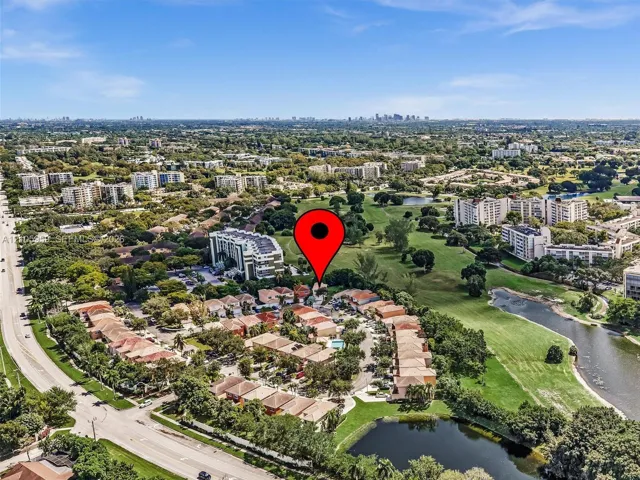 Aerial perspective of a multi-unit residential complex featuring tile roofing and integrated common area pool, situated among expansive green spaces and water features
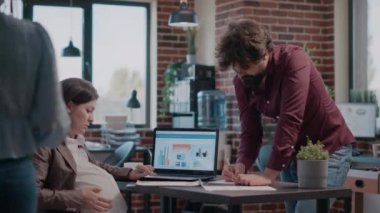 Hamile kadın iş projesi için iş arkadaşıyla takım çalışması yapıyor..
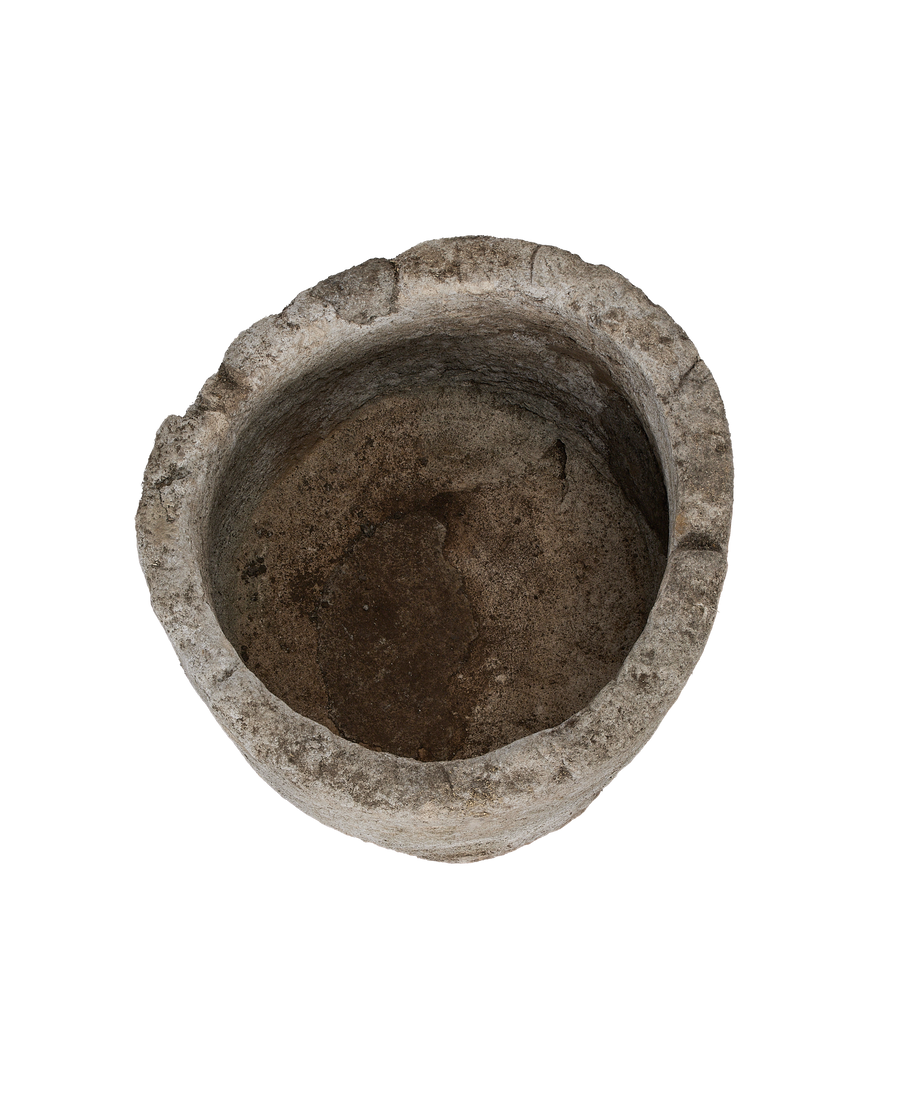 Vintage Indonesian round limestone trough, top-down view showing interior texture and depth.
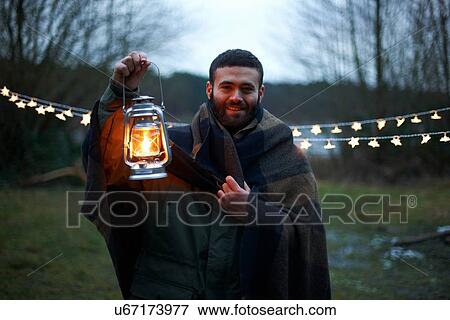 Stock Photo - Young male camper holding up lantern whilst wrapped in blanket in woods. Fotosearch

» **What the task requires**
Once you find the line that contains "Hamile kadın iş", give it again along with every later line through the end of the data, word for word, minus the pictures.

» **Solution to this problem**
 Hamile kadın iş projesi için iş arkadaşıyla takım çalışması yapıyor..
 Vintage Indonesian round limestone trough, top-down view showing interior texture and depth.
 Stock Photo - Young male camper holding up lantern whilst wrapped in blanket in woods. Fotosearch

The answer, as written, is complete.